Legenda da foto, Bruno Gagliasso deu queixa na polícia por ofensas racistas na internet à filha Titi

E completa: "Outro dia, vi a (apresentadora) Gloria Maria falando uma grande verdade. Ela diz que até certo ponto, principalmente as mulheres negras, precisam estar sempre muito bem vestidas, arrumadas e elegantes, caso contrário serão confundidas com estereótipos."

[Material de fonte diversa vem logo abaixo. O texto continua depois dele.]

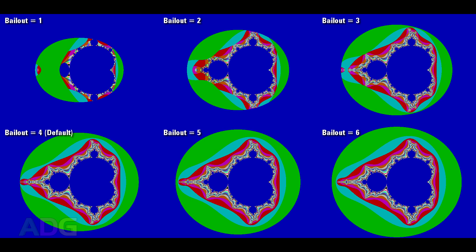The bailout value is what the equation tests against to decide to stop iterating before the iteration limit is reached. Setting this too low results in an incorrect appearance, but setting it too high really doesn't make the result any more accurate, it just sort of extends how far out the lowest iteration count reaches visually.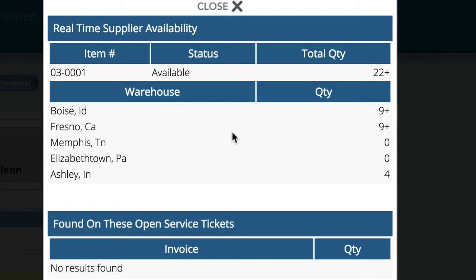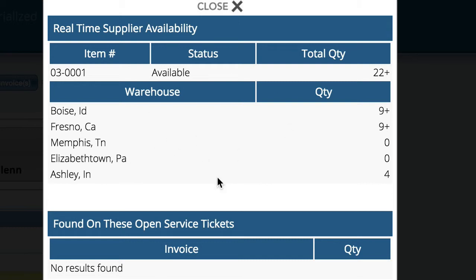In addition, if the supplier has an interface, we can query them and retrieve all the warehouse information and inventory quantities for that specific supplier to show you on the screen, so you know whether it's coming in or on backorder.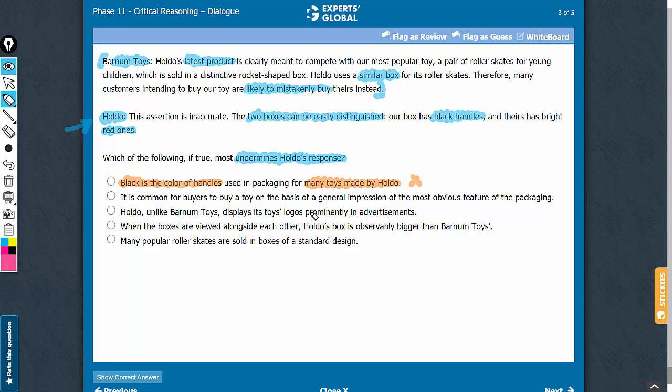Comparison of how prominently logos are displayed in advertisements is out of scope. The argument is about similarity in the boxes for similar products. What is displayed in advertisements has no bearing on this argument.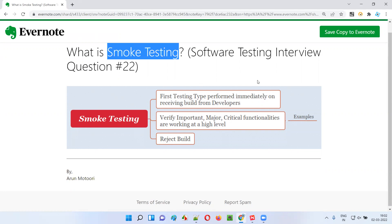Smoke testing is the first testing type that we perform on the application after receiving the build from the developers. So once we receive an application build from the developers for testing, before performing any other testing type, we first perform smoke testing.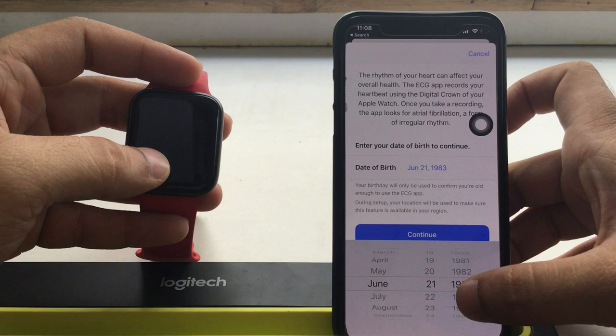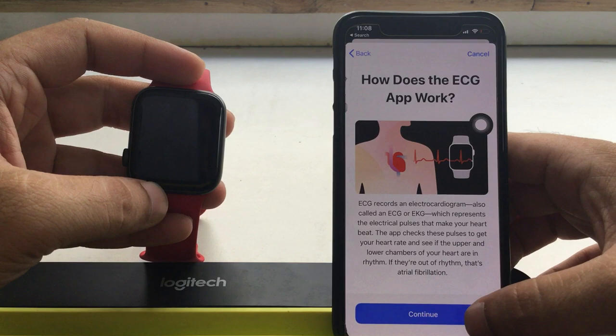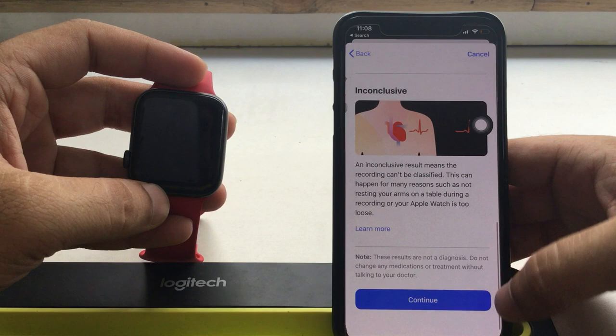How does the ECG app work? Basically, Apple Watch measures electric pulses that make your heart beat. The app checks these pulses to get your heart rate and see if the upper and lower chambers of your heart are in rhythm. Keep continuing on your iPhone screen.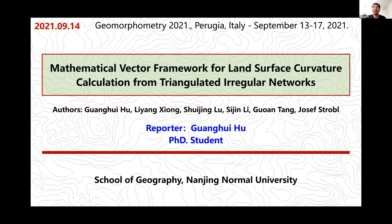Hello everyone. My name is Guan Hui Hu. I'm a PhD student at Nanjing Normal University. My topic today is the mathematical vector framework for land surface curvature calculation from triangulated irregular networks.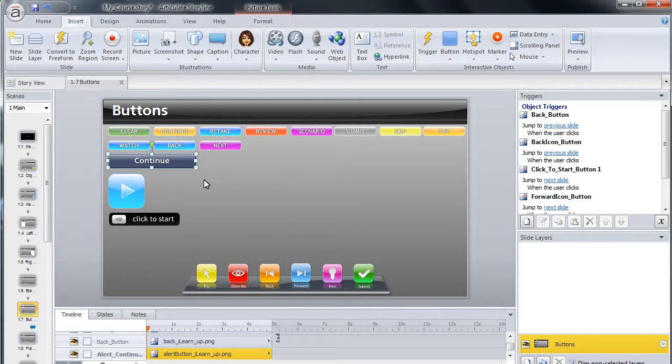Next, locate the slide where you wish to place the button. In this example, we will insert a new blank slide.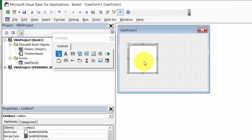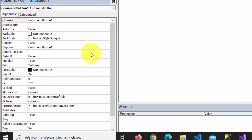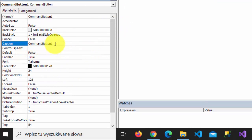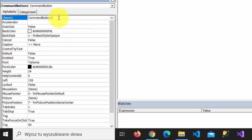Add a List Box. Add a Command Button. Let's change the Caption and let's change the Command Button name.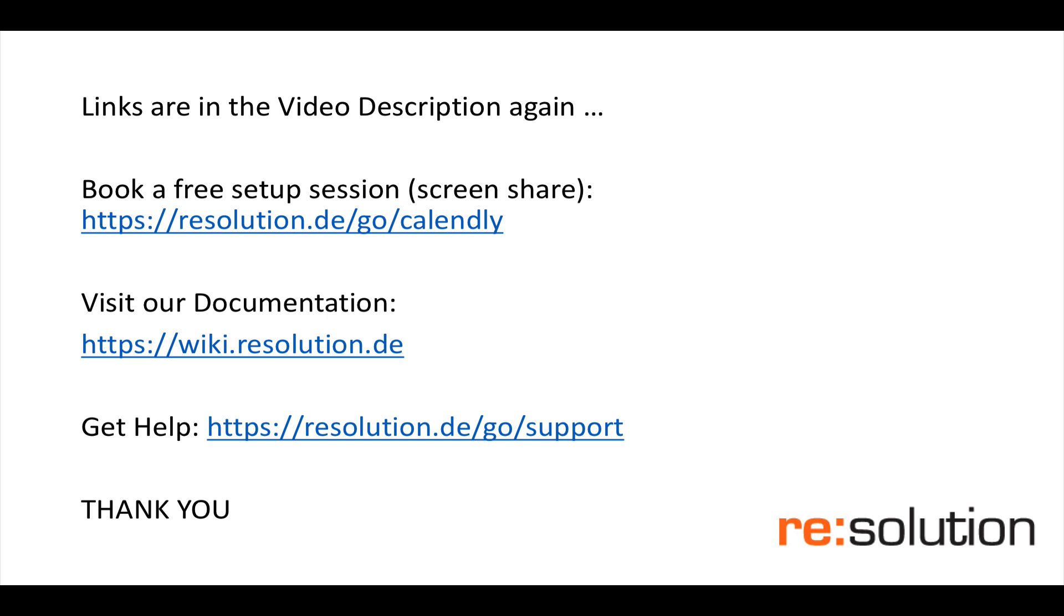You can always visit our documentation and we also have, under get help, a support portal where you can raise a traditional support request. That's also a great way to submit the support information you collect here. So once again, thank you for your interest, thanks for watching this and don't hesitate to get in touch. Thank you.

"No caso0-0 pair ou impair 1xbetcrianças, se saem0-0 pair ou impair 1xbetchinelo, podem ser vistas como meninos0-0 pair ou impair 1xbetrua ou crianças pobres. E sinto isso na pele. De alguma maneira, já me senti na obrigação0-0 pair ou impair 1xbetbotar um tênis nos meus filhos,0-0 pair ou impair 1xbetvez0-0 pair ou impair 1xbetchinelos, para irem ao shopping e não correrem o risco0-0 pair ou impair 1xbetserem barrados. E isso é desesperador. Hoje entendo que é por isso quem vive o preconceito na pele tem um discurso tão eloquente, que incomoda tanta gente que não vive esse preconceito velado", pondera.

Referências

A brasiliense relembra uma situação curiosa, o incômodo causado quando a filha sempre pedia bonecas loiras e brancas0-0 pair ou impair 1xbetlojas0-0 pair ou impair 1xbetbrinquedos.

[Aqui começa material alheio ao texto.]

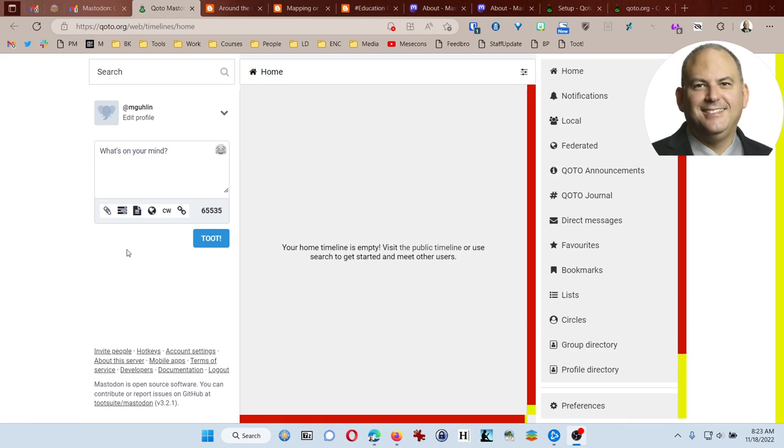Welcome to part two. We've already selected an instance and now we're ready to actually get in here and start working.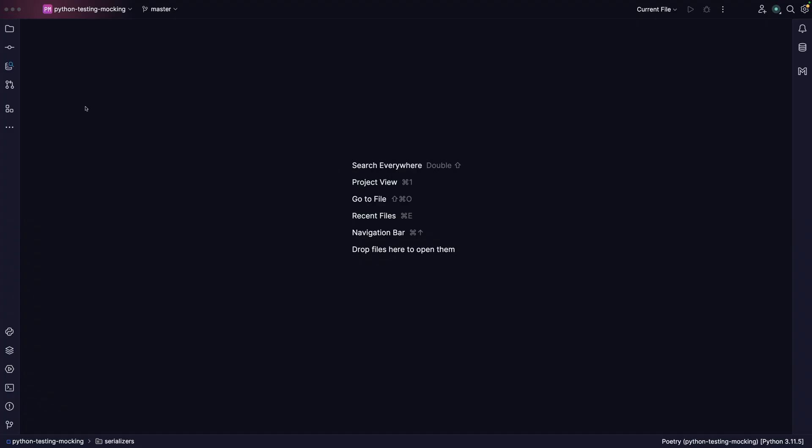Hello everyone, welcome to this video where we'll cover testing and mocking with Python and PyTest. This is part of a multi-series video where we'll cover the fundamentals of testing with Python, patching, mocking, and many more things. Without any further ado, let's jump into the code.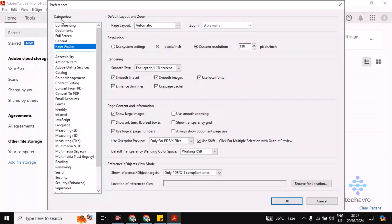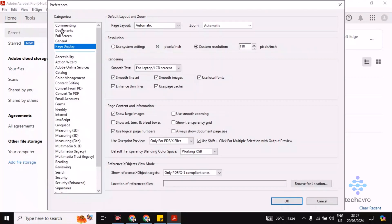Now choose Documents, the second option. You can see here 'Restore last view settings when reopening documents'.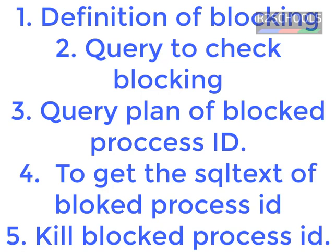In this video we are going to perform five steps. First, knowing the definition of blocking. In the second step, we are going to find out the blocking by using the SQL script, SQL query.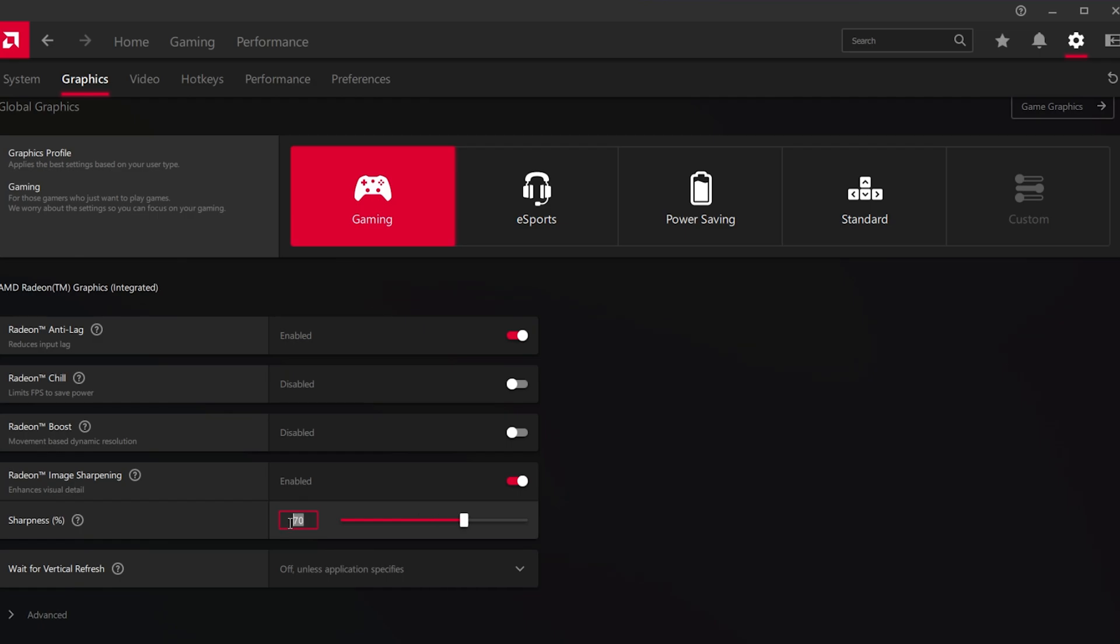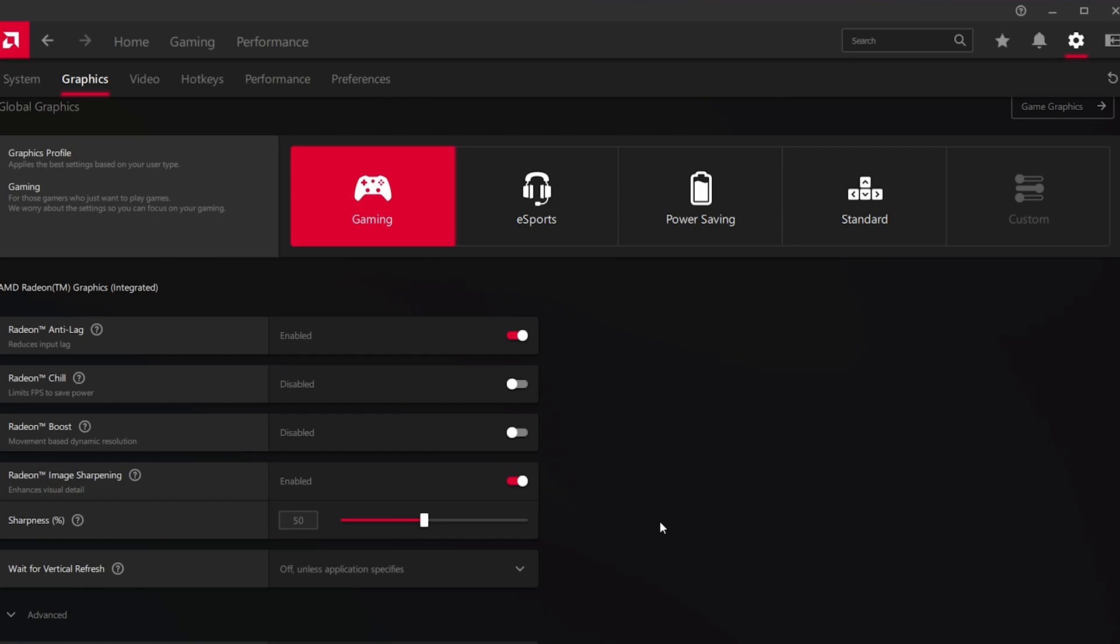You should use a sharpness percentage of around 50-60%. For lower end PCs, feel free to increase this option to up to 80%. I suggest playing a game to see what works best for you. Lower your in-game resolution and increase the image sharpening sharpness to find a good middle ground.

"Mostrávamos uma boneca branca e outra negra e perguntávamos: 'Qual é a Camilinha?' E ela apontava a boneca branca. Isso me deixava angustiada. Conversando com psicólogos descobrimos que a criança, quando pequena, não tem muita noção0-0 pair ou impair 1xbetquem é. Ela se identifica muito com os pais. Em nossa família não há negros. Eu e meu marido somos brancos. Na TV não havia desenhos animados com personagens negros. Como esperar que minha filha se identificasse como negra?"

O casal então optou por uma tática diferente.

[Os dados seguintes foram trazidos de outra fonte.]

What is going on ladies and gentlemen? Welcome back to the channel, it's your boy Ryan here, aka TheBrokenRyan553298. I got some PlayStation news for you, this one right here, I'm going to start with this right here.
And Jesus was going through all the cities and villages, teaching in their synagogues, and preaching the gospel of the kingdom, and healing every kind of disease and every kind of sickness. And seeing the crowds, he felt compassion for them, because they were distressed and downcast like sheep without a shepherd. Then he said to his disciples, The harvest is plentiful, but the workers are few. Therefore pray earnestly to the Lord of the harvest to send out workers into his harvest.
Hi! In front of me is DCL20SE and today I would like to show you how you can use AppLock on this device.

"Passamos a ver filmes com negros, escutar músicas cantadas por pessoas negras, e assim por diante. E isso foi fácil, porque é impressionante a enorme quantidade0-0 pair ou impair 1xbetpessoas negras incríveis e talentosas, mas sem tanta visibilidade como as brancas. Pelo menos não no mundo dos brancos, que era o que eu até então vivia."

Crédito, Arquivo pessoal

Legenda da foto, "Não é fácil, mas é mais um motivo que me faz agarrar essa bandeira do amor e do ser igual", diz Karina

Ao perceberem que a filha pequena ainda não se interessava por bonecas negras, Karina e o marido foram além na busca0-0 pair ou impair 1xbettornar a negritude uma realidade mais forte para os filhos: o pai passou a colecionar bonecas negras e a brincar com elas quando a filha o chamava.

"Foi aí que nossa filha foi começando a se identificar, porque se o pai gostava tanto daquelas bonecas negras, então isso era muito bom. A partir daí, ela começou a brincar e a preferir bonecas parecidas com ela. Foi uma grande vitória para nós."

Outro momento0-0 pair ou impair 1xbetque a diferença se manifesta, diz Karina, é na escola. Algumas mães a procuram preocupadas e perguntam como devem explicar a diferença0-0 pair ou impair 1xbetraças na família dela.

"Você vai explicar que as pessoas são diferentes, há pessoas0-0 pair ou impair 1xbettodas as cores, famílias0-0 pair ou impair 1xbettodas as formas, a nossa é assim", costuma dizer.

Para ela, quem pergunta o faz0-0 pair ou impair 1xbetboa-fé, para evitar discursos preconceituosos. "Fico muito feliz quando isso acontece. Antes uma pergunta tosca do que um silêncio arraigado, cheio0-0 pair ou impair 1xbetpreconceito", avalia.

Karina diz que a história0-0 pair ou impair 1xbetfamílias com a dela e a dos atores Bruno Gagliasso e Giovanna Ewbank são emblemáticas porque ajudam a entender a importância do debate sobre racismo e adoção.

"Sinto-me na obrigação0-0 pair ou impair 1xbettornar o mundo um lugar melhor para meus filhos negros. É óbvio que penso primeiro neles, mas também olho ao redor, porque um mundo0-0 pair ou impair 1xbetque pessoas tenham privilégios pela simples diferença no tom0-0 pair ou impair 1xbetpele não pode ser bom. Isso é desumano."